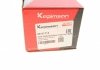 08-01715 KAPIMSAN Тяга (стійка) стабілізатора KAPIMSAN 08-01715 (фото 5)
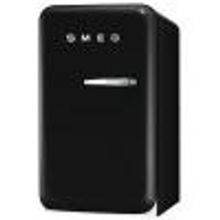 Холодильник Smeg FAB5LNE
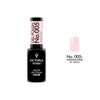 VICTORIA VYNN 005c Gel Polish Color Wedding Pink Hybridlack 8ml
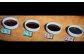 クラフト醤油5本セット
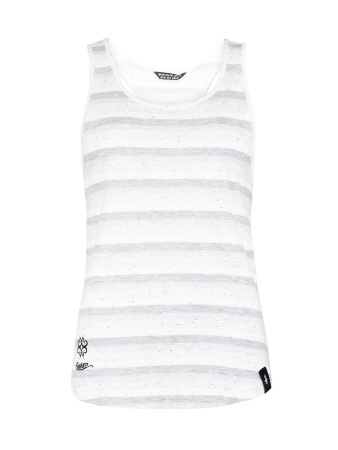 Майка CHILLAZ Haiti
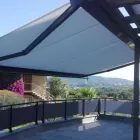 La imagen 2 de la Empresa TOLDOS ELOSEGUI Servicios Profesionales y de Negocios en Donostia SS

======

Omit the pictures and write out exactly the lines from the one containing "クラフト醤油5本セット" through the last line of the material.

 クラフト醤油5本セット
 Майка CHILLAZ Haiti
 La imagen 2 de la Empresa TOLDOS ELOSEGUI Servicios Profesionales y de Negocios en Donostia SS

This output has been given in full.